Результаты. Сравнительный анализ показал основные характеристики пациентов группы высокого риска, у которых применялись препараты в активные отношении плесневых возбудителей ИМ преимущественно в качестве первичной противогрибковой профилактики: отсутствие полной ремиссии основ-
ного заболевания (p=0,002), повторная алло-ТГСК (p<0,001), трансплантация от гаплоидентичного донора (p<0,001), реактивация ЦМВ (р<0,001), острая РТПХ 3-4 степени (p<0,001), тяжелая хроническая РТПХ (p=0,010) и режим кондиционирования со сниженной интенсивностью (p = 0,001). В группу низкого риска попали пациенты, которым выполнена алло-ТГСК от полностью совместимого родственного (p = 0,002) и неродственного доноров (p = 0,009), использование миелоаблативного режима кондиционирования (p <0,001). Годовая КЧ прорывного ИА после алло-ТГСК в группе низкого риска после первой и повторной алло-ТГСК составила 3,7% и 8,6% соответственно, в группе высокого риска - 10 % и 26%, у пациентов с ранее существовавшим ИА - 5% и 14%. Медиана времени развития ИА составила 66 (2-282) дней. Основным органом поражения были легкие 93%. Прорывной ИА был диагностирован с помощью культурального исследования бронхоальвеолярной (БАЛ) или синусовой жидкости в 44% случаев, этиология: Aspergillus niger - 8 (42%), Aspergillus fumigatus - 7 (36%), Aspergillus flavus
- 2 (11%), Aspergillus terreus - 1 (5%), Aspergillus spp.
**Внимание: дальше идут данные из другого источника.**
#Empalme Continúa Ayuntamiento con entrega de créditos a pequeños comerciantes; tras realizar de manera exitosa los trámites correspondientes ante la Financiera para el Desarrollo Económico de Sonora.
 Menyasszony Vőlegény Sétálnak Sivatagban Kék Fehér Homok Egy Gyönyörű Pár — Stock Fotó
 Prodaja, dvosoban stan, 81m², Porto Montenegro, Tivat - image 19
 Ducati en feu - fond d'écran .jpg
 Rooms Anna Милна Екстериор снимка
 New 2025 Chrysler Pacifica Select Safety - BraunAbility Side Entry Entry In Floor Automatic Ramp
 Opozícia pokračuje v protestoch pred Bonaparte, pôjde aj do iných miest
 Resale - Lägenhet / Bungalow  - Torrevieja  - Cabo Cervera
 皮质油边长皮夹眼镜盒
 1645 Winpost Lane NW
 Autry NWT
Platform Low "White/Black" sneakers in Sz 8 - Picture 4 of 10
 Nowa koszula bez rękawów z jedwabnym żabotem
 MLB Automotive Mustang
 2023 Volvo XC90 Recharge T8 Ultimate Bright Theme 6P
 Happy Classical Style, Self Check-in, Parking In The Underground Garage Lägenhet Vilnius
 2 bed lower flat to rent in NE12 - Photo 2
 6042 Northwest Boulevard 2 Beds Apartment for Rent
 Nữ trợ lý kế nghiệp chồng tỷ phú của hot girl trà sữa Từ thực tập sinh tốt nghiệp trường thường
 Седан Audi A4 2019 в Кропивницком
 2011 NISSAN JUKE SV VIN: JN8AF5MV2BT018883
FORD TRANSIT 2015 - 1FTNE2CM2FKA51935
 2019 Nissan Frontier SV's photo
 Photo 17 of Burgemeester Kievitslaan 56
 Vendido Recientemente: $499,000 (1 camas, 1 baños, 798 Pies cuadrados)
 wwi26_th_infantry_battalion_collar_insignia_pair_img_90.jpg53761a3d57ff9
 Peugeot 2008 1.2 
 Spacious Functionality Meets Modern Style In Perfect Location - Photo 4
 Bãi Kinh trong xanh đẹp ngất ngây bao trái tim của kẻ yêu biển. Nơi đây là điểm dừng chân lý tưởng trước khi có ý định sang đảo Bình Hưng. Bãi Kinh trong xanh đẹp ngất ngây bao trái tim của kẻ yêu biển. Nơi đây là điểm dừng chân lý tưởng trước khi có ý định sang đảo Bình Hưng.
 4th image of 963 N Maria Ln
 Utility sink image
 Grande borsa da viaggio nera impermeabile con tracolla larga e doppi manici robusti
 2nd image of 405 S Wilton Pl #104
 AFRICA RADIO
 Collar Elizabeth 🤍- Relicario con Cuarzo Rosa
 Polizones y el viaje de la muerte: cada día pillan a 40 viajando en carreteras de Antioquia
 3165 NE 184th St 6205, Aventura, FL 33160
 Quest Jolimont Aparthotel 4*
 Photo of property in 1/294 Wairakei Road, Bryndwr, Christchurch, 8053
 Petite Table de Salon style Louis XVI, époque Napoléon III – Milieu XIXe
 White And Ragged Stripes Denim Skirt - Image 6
- 1 (5%). Общая 12 недельная выживаемость у пациентов с прорывным ИА составила 73%. Многофакторный анализ показал, что значимыми факторами риска развития ИА после алло-ТГСК в группе 1 был диагноз Ph (-) МПН (p=0,025), а в группе 2 - диагноз НХЛ (p=0,007). У пациентов с ранее существовавшим ИА из-за небольшого количества случаев ИА (n = 2) анализ не проводился.
Выводы. Исследование КЧ прорывного ИА идентифицировало группу сверхвысокого риска - повторная алло-ТГСК. Наиболее частым этиологическим агентом прорывного ИА был Aspergillus niger. Диагноз Ph (-) МПН был связан с более высоким риском ИА в посттрансплантационном периоде у пациентов, получавших профилактику флуконазолом, а диагноз НХЛ
- у пациентов, получавших первичную профилактику препаратами активными в отношении мицелиальных возбудителей.